This article first appeared in the St. Louis Beacon: If you visit one of Missouri’s native prairies when the coneflowers are blooming, you will see plenty of bees buzzing around them. You may not realize that some of these bees are a single species that collects pollen only from the pale purple coneflower and only on native prairie. This coneflower specialist flies for just a few weeks each year, collecting the pollen to feed its offspring until the coneflower blooms again.
Photo by Mike Arduser, Missouri Department of Conservation Coneflower bee, Andrena helianthiformis.
The coneflower bee, like the roughly 450 other bee species native to this area, seems to be doing OK. With a few important exceptions, according to Missouri Department of Conservation naturalist Mike Arduser, the native bee pollinators have been holding their own. Arduser has been keeping track of bee diversity in the Midwest for about 30 years.
Native bees — and there are about 3,500 species across the United States — have evolved to pollinate native plants. Some, like the coneflower bee, collect pollen from one specific group of plants, Echinacea. Some, like the squash bee, have slightly broader tastes and pollinate members of a single family like pumpkin or squash. Others, like the many varieties of sweat bees, are generalists and will visit almost any plant.
Bees are most important pollinators
Pollination by an insect is the only way that many of our foods can be propagated. As Arduser points out, each seed in a pumpkin or watermelon is the product of fertilization by one individual pollen grain. All those seeds show that the flower was visited many times by pollinators.
The so-called "pollinator crisis" does not refer to native bees. That very real economic problem concerns the honeybee Apis mellifera, which was imported from Europe in colonial times for beeswax and honey. No honeybees are native to this country.
"Colony collapse syndrome" is the condition in which honeybees leave the hive and do not return. Its causes are not clear. It may be pesticides. It may be the parasitic Varroa mite that came to this country in the 1980s. It may be the population density in hives used for today’s large scale agriculture. Or it may be a combination of all three or even a factor yet to be discovered.

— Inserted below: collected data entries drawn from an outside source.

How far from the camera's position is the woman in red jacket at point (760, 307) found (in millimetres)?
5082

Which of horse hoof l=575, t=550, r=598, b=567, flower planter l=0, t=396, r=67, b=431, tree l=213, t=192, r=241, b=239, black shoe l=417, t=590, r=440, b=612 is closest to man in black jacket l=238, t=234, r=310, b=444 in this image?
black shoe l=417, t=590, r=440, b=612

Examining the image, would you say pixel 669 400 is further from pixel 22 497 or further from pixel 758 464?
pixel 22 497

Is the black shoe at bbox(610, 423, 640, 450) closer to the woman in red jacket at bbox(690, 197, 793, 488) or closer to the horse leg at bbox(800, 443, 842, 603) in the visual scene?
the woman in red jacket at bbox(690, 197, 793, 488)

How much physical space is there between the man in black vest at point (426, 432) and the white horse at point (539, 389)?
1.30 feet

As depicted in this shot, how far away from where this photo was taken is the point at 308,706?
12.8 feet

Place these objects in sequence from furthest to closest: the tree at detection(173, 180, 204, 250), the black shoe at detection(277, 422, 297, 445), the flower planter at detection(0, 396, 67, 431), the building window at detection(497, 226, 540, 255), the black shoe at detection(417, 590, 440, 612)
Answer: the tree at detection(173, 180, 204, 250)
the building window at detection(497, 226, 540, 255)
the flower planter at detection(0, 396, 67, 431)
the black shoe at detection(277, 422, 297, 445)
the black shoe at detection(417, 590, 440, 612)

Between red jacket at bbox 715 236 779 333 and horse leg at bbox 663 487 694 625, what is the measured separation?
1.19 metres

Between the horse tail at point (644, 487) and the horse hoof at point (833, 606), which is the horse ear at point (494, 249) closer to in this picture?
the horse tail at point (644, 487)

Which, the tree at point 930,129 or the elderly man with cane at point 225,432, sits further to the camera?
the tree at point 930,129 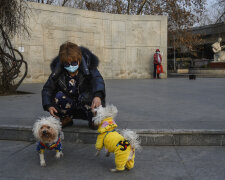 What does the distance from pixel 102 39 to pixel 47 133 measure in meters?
14.1

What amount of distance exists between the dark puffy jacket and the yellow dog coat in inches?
35.1

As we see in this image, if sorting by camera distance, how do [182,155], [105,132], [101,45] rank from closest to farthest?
1. [105,132]
2. [182,155]
3. [101,45]

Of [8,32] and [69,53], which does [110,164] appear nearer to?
[69,53]

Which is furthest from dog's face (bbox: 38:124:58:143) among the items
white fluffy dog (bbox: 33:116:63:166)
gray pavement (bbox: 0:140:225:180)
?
gray pavement (bbox: 0:140:225:180)

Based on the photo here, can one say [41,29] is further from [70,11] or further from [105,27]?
[105,27]

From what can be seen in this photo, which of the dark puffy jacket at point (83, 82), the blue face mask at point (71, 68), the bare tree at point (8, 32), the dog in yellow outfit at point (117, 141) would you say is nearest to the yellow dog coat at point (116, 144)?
the dog in yellow outfit at point (117, 141)

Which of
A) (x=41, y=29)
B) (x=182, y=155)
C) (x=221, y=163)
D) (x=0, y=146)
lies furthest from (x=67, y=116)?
(x=41, y=29)

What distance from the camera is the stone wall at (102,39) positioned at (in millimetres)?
13883

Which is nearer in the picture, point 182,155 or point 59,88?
point 182,155

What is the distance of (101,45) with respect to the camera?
1639 centimetres

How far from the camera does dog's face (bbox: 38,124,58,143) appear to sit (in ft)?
9.17

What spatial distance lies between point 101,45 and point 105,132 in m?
14.0

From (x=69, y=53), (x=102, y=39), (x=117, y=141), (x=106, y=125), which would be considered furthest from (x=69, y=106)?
(x=102, y=39)

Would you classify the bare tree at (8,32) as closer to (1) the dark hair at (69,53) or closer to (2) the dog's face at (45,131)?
(1) the dark hair at (69,53) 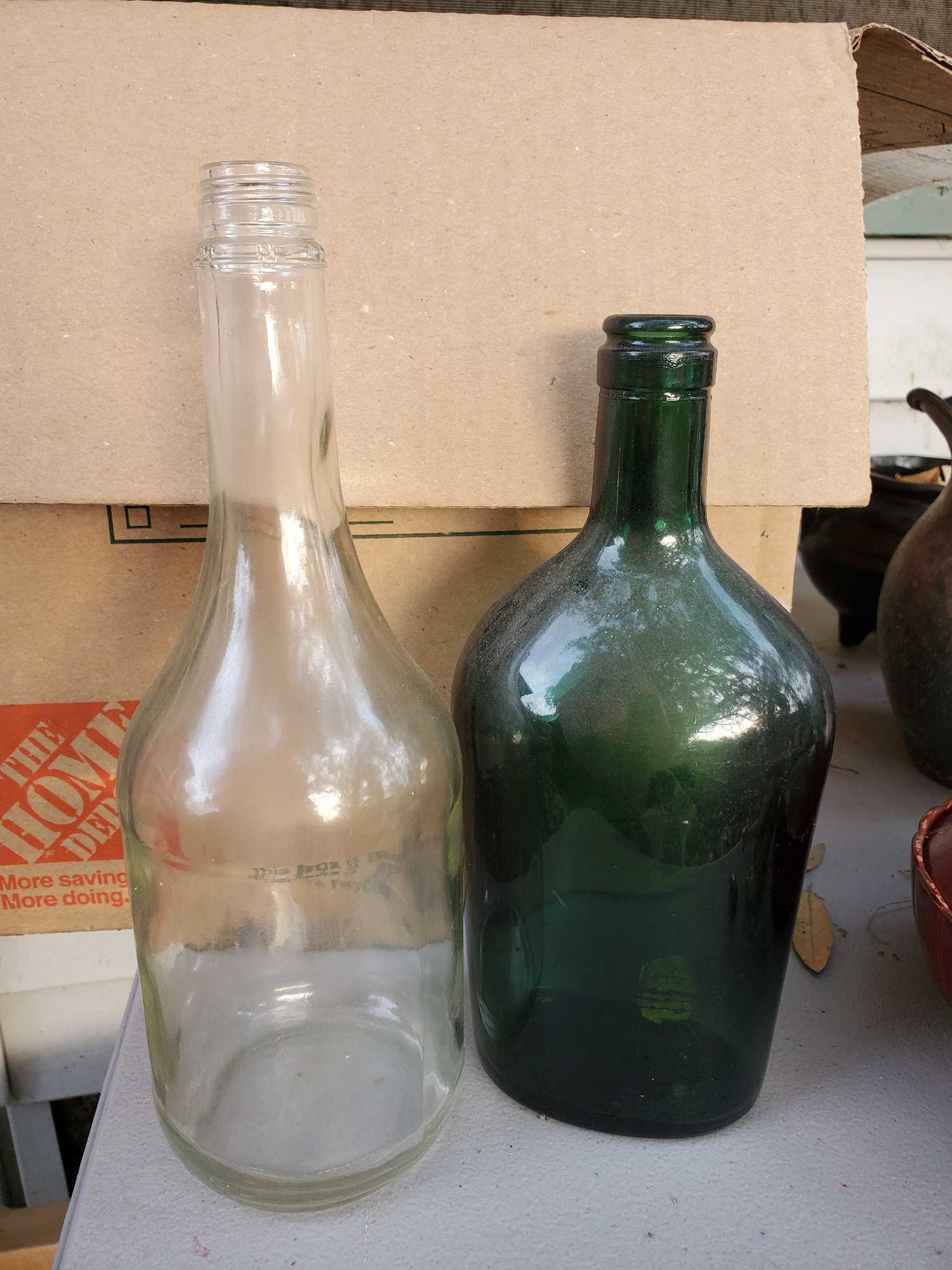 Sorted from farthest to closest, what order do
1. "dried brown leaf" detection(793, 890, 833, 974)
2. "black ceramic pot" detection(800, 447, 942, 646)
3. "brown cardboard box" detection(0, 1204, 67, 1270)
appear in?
"black ceramic pot" detection(800, 447, 942, 646)
"brown cardboard box" detection(0, 1204, 67, 1270)
"dried brown leaf" detection(793, 890, 833, 974)

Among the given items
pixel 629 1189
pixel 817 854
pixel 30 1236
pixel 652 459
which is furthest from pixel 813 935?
pixel 30 1236

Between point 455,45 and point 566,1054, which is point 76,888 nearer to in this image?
point 566,1054

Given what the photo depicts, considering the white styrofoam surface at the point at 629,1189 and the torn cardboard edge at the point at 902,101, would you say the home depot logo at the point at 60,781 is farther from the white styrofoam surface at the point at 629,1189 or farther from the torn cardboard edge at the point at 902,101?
the torn cardboard edge at the point at 902,101

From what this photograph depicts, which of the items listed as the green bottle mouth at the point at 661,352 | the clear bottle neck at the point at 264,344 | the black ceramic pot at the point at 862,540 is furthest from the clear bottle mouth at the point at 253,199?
the black ceramic pot at the point at 862,540

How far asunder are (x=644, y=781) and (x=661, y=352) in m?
0.16

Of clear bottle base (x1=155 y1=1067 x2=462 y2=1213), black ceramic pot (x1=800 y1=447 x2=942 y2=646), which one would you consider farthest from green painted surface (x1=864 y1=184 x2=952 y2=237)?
clear bottle base (x1=155 y1=1067 x2=462 y2=1213)

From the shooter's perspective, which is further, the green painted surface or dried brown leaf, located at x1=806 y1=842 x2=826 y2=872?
Answer: the green painted surface

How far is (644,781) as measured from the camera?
387 millimetres

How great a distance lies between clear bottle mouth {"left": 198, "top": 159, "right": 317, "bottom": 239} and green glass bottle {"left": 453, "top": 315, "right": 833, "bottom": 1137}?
0.12 metres

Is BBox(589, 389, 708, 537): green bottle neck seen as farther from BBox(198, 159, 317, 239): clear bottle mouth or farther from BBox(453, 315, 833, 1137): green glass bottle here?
BBox(198, 159, 317, 239): clear bottle mouth

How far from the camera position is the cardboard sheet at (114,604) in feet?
1.65

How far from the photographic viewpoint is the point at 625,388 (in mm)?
393

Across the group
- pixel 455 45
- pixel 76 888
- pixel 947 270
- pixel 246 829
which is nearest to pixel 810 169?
pixel 455 45

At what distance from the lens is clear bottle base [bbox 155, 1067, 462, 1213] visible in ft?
1.31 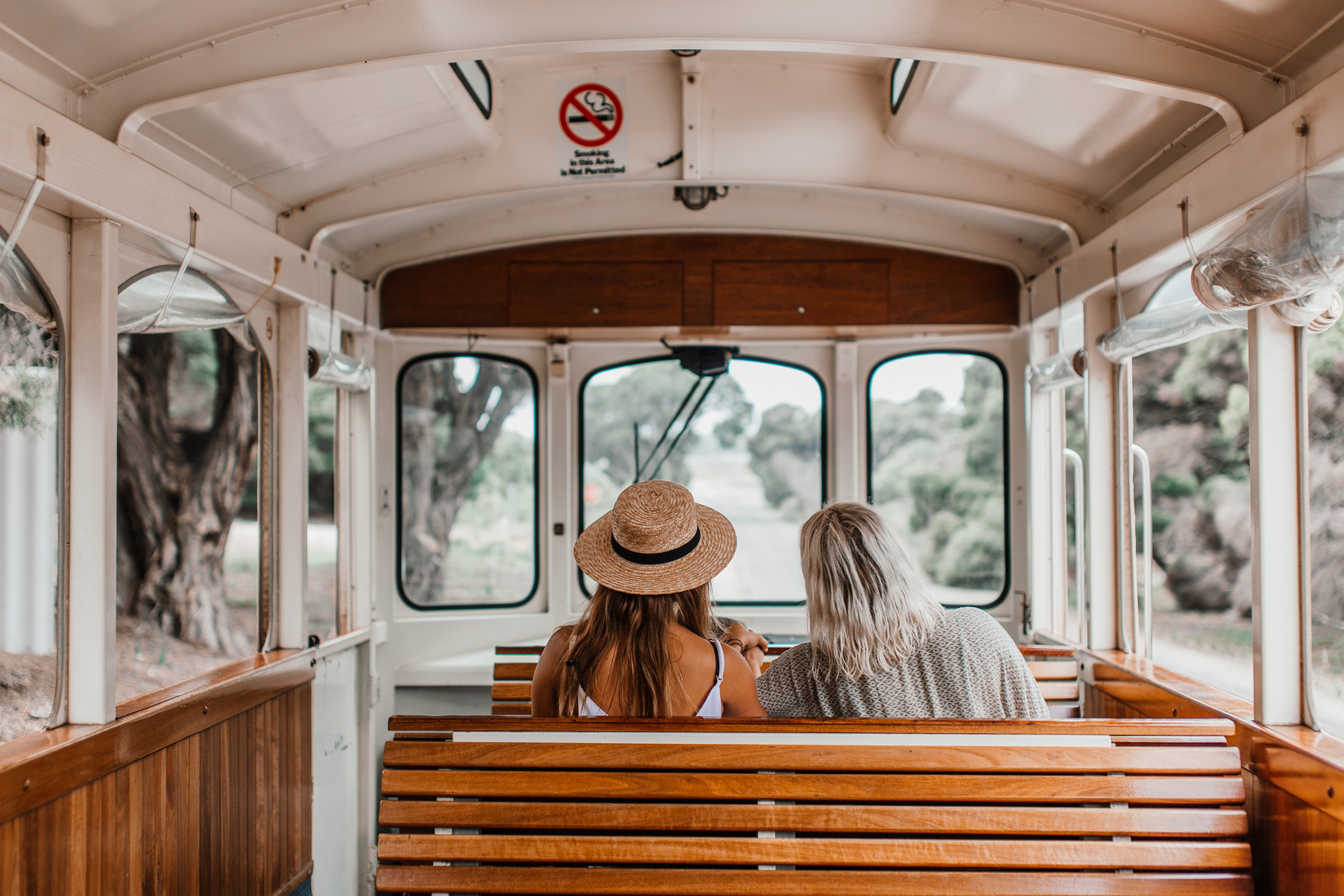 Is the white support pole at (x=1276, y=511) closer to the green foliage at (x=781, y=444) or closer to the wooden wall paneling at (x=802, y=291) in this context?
the wooden wall paneling at (x=802, y=291)

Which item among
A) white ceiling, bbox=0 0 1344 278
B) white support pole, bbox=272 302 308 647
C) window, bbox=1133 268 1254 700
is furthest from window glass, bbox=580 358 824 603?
window, bbox=1133 268 1254 700

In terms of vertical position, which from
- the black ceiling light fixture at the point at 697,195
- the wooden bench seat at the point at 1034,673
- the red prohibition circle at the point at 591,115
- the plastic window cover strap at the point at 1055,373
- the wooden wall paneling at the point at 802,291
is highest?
the red prohibition circle at the point at 591,115

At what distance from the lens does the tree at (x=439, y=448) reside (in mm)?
4336

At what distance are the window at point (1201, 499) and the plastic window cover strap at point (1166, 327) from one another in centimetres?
812

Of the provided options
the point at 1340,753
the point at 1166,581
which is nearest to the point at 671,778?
the point at 1340,753

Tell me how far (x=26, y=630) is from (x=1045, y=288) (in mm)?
3833

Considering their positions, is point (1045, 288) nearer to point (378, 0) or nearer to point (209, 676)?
point (378, 0)

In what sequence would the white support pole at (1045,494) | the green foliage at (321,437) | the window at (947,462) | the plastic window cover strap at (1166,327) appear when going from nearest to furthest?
1. the plastic window cover strap at (1166,327)
2. the white support pole at (1045,494)
3. the window at (947,462)
4. the green foliage at (321,437)

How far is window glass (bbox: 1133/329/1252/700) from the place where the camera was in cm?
1048

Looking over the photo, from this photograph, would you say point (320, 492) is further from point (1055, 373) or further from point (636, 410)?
point (1055, 373)

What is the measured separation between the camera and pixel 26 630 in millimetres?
2391

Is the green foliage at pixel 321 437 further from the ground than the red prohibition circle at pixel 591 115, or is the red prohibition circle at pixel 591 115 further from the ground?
the red prohibition circle at pixel 591 115

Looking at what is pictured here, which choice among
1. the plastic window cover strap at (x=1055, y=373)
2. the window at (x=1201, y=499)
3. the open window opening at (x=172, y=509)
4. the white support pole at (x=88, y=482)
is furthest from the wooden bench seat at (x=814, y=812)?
the window at (x=1201, y=499)

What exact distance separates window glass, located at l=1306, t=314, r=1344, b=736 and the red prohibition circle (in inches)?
90.4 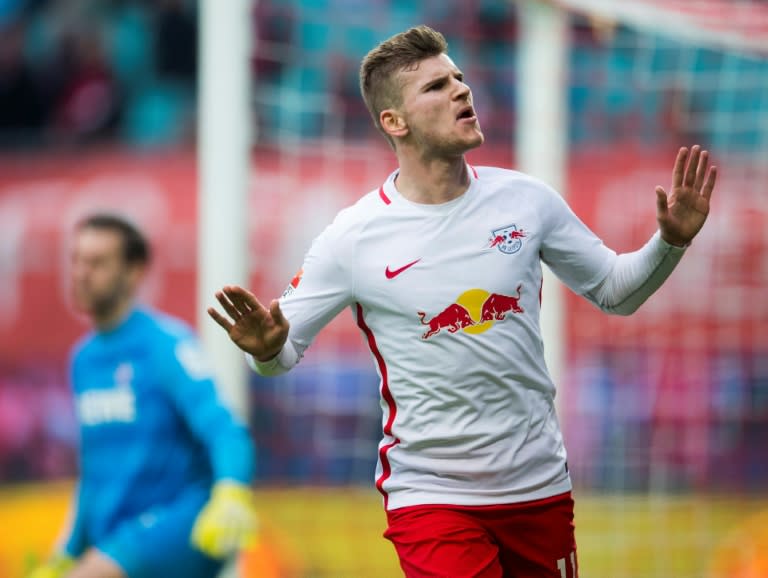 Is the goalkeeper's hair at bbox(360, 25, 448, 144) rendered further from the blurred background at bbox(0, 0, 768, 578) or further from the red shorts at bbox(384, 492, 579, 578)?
the blurred background at bbox(0, 0, 768, 578)

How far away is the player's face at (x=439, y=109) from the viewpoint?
10.4 ft

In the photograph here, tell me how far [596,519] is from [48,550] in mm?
3730

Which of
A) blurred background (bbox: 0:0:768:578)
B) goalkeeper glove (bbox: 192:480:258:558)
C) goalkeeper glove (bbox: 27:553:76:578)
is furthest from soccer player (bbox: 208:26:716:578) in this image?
blurred background (bbox: 0:0:768:578)

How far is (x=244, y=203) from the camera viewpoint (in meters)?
5.36

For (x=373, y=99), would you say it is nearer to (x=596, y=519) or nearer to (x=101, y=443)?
(x=101, y=443)

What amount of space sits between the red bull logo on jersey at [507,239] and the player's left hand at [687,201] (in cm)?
Result: 34

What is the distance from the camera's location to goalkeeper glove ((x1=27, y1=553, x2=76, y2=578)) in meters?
4.52

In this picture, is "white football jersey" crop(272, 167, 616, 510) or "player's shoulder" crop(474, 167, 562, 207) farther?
"player's shoulder" crop(474, 167, 562, 207)

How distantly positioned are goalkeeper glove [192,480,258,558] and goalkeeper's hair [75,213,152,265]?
3.20 feet

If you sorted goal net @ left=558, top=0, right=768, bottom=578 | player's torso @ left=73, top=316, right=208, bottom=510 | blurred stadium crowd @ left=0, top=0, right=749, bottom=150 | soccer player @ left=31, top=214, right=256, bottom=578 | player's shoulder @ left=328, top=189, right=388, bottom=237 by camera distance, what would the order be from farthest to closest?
1. blurred stadium crowd @ left=0, top=0, right=749, bottom=150
2. goal net @ left=558, top=0, right=768, bottom=578
3. player's torso @ left=73, top=316, right=208, bottom=510
4. soccer player @ left=31, top=214, right=256, bottom=578
5. player's shoulder @ left=328, top=189, right=388, bottom=237

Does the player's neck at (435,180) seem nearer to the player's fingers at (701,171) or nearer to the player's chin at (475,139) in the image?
the player's chin at (475,139)

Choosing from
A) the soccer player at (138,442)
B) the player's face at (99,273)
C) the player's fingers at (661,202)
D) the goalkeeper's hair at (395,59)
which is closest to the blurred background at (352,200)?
the player's face at (99,273)

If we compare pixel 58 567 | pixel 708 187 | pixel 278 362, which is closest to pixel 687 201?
pixel 708 187

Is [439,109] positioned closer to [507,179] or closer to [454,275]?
[507,179] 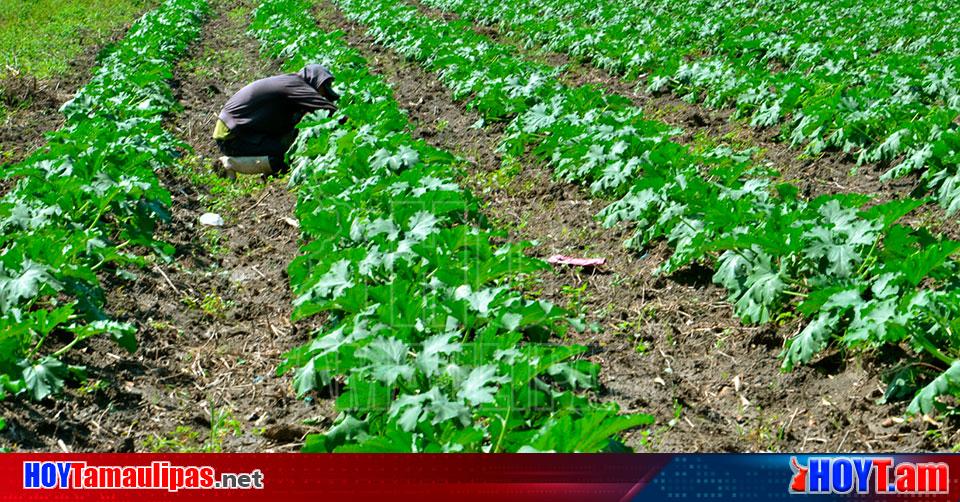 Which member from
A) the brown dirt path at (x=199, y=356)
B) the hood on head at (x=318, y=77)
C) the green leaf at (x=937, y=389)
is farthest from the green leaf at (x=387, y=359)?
the hood on head at (x=318, y=77)

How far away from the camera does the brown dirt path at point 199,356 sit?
4.92 m

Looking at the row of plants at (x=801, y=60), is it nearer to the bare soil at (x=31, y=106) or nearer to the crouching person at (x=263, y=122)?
the crouching person at (x=263, y=122)

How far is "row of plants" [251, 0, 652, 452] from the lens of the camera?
3832 millimetres

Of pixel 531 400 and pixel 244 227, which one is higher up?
pixel 531 400

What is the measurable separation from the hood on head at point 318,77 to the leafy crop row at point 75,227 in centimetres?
165

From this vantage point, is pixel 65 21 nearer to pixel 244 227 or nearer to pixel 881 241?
pixel 244 227

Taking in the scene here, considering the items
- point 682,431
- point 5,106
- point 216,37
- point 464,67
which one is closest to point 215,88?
point 5,106

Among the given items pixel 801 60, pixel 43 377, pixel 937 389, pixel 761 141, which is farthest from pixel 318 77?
pixel 937 389

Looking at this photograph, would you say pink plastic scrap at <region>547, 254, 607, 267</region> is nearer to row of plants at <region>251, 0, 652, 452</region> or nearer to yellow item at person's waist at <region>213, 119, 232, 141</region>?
row of plants at <region>251, 0, 652, 452</region>

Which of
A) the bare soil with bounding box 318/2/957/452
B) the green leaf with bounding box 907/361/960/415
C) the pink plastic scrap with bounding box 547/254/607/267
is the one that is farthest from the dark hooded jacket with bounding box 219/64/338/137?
the green leaf with bounding box 907/361/960/415

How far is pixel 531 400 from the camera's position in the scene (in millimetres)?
4039

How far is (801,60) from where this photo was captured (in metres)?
13.1

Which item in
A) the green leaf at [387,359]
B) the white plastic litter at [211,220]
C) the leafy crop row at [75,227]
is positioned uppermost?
the green leaf at [387,359]

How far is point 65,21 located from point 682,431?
764 inches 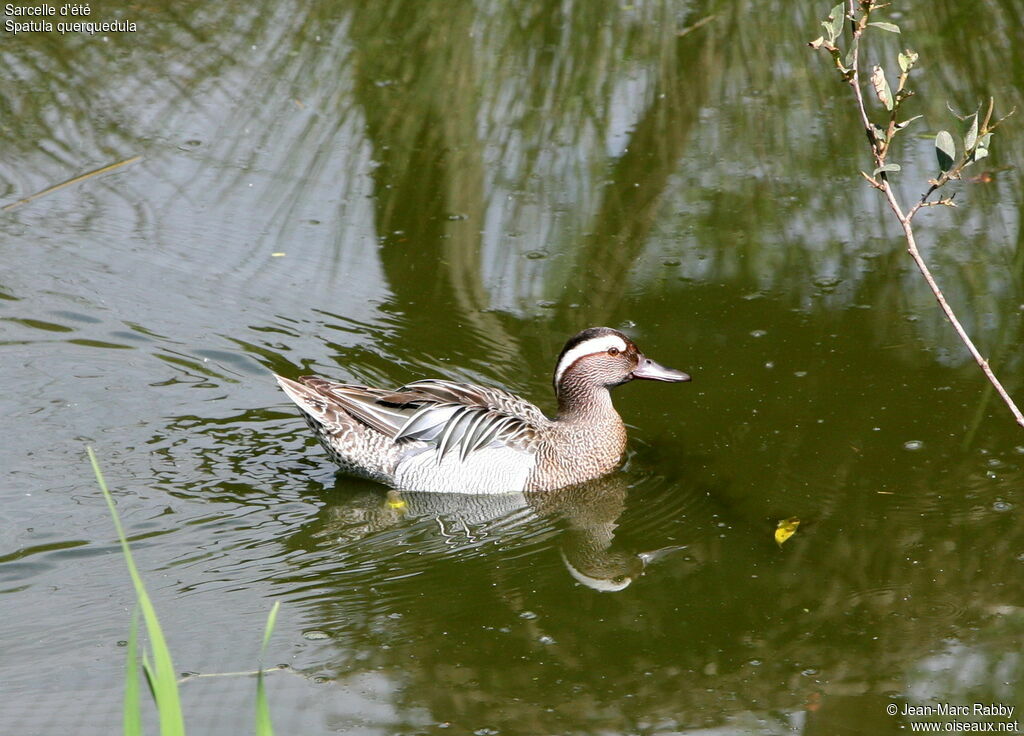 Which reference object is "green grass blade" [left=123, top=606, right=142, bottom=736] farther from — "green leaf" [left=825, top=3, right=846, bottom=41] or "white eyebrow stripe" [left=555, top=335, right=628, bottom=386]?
"white eyebrow stripe" [left=555, top=335, right=628, bottom=386]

Nonetheless, commercially raised honeybees are an economic necessity for pollinating large orchards and fields. The local Theis Farms uses commercial honeybees. Almond growers in California, whose orchards can be 10,000 acres, rely on truckloads of hives that migrate from location to location during the blooming season.
Native bees have different lifestyle
Those honeybee hives, with their thousands of worker bees (up to 50,000 bees in a hive), and their ability to store food for the hive to survive the winter are not replicated by native bees. Their lives and habits are as different as a Wall Street financier’s and that of a subsistence farmer in sub-Saharan Africa.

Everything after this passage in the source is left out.